**What the exercise asks**
Beginning with the line that includes "Tour de France" and ending with the last line, print the records exactly, leaving every picture out.

----- Data excerpts

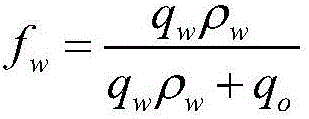 Determination method for conglomerate oil reservoir polymer-flooding relative permeability curve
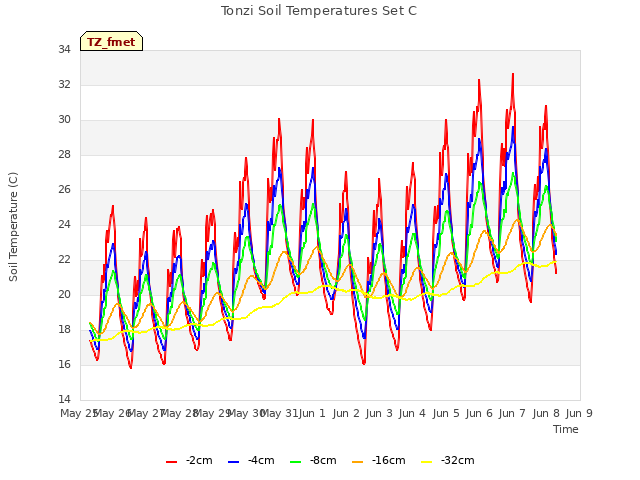 plot of Tonzi Soil Temperatures Set C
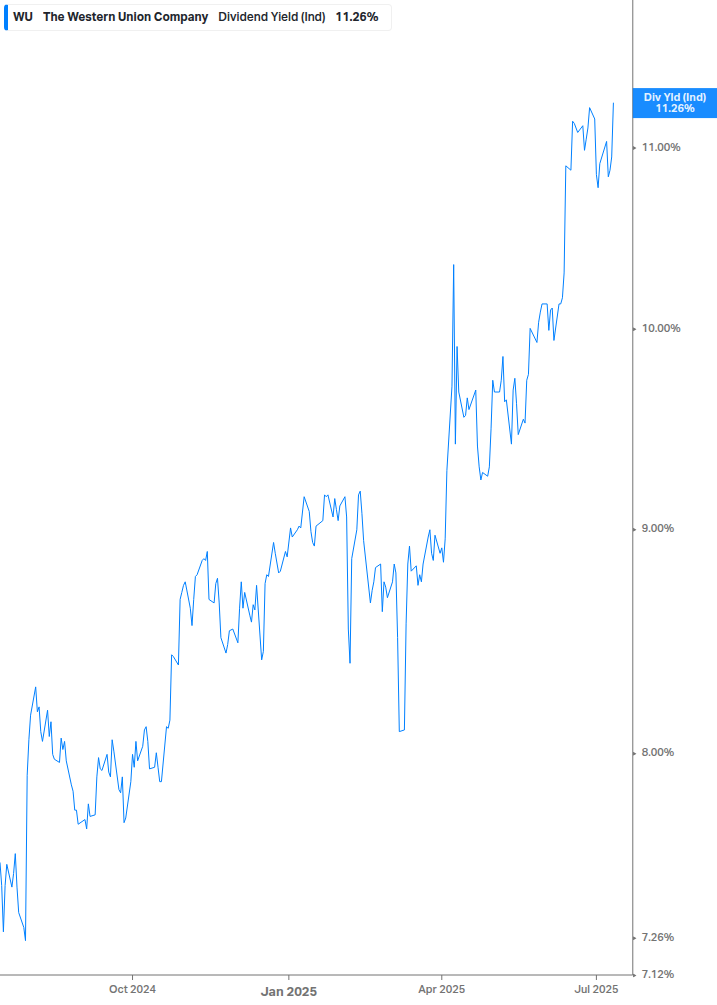 Dividend Yield Chart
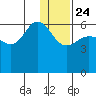 Seal Cape tide chart for Tuesday, December 24, 2024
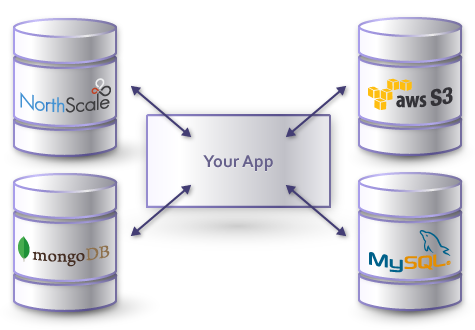 用好NoSQL，你应该了解Database-as-a-Service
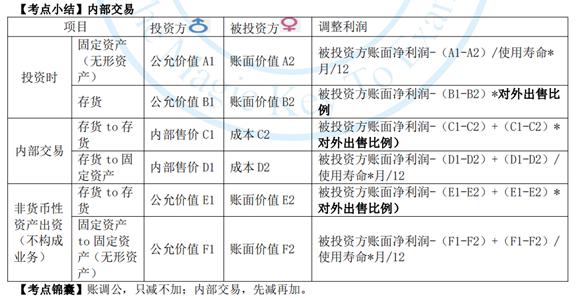 权益法确认投资收益怎么算,权益法和投资收益哪个好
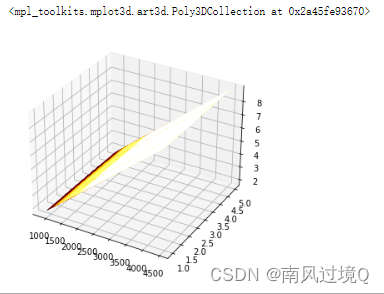 什么数据集适合做多元线性回归_python_10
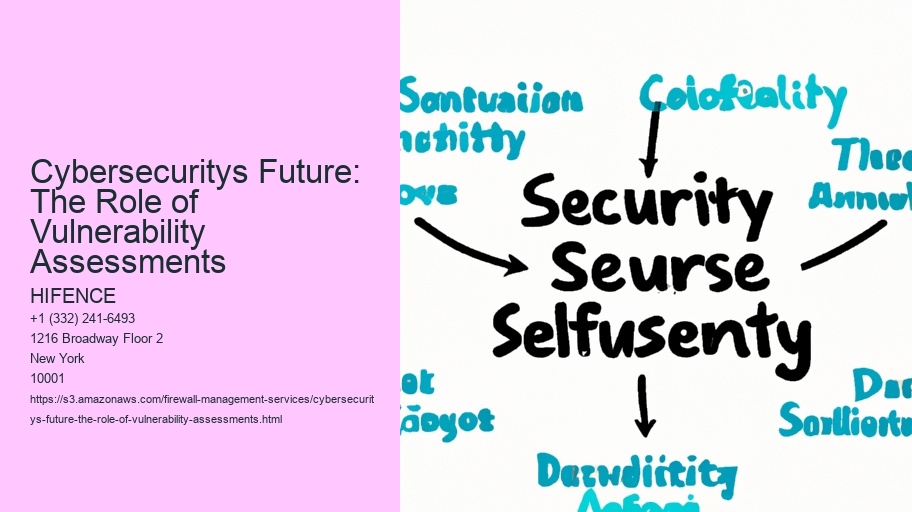 Cybersecuritys Future: The Role of Vulnerability Assessments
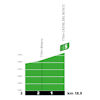 Tour de France 2024, stage 4: profile, intermediate sprint - source:letour.fr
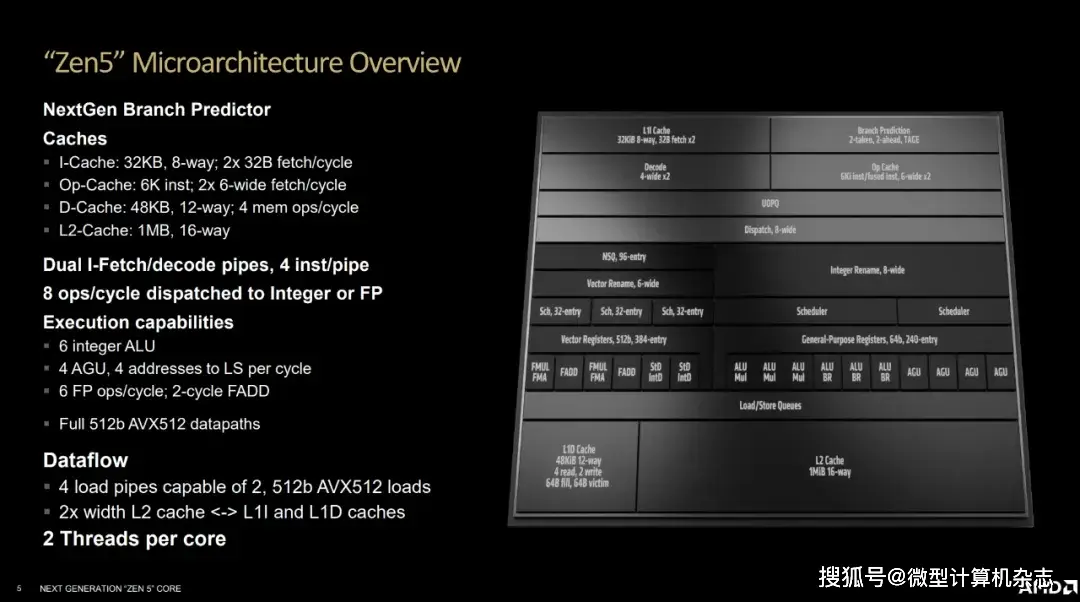 能效比最好的显卡_Radeon 能效比优势_能效cpu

----------

**Solution to the problem**
 Tour de France 2024, stage 4: profile, intermediate sprint - source:letour.fr
 能效比最好的显卡_Radeon 能效比优势_能效cpu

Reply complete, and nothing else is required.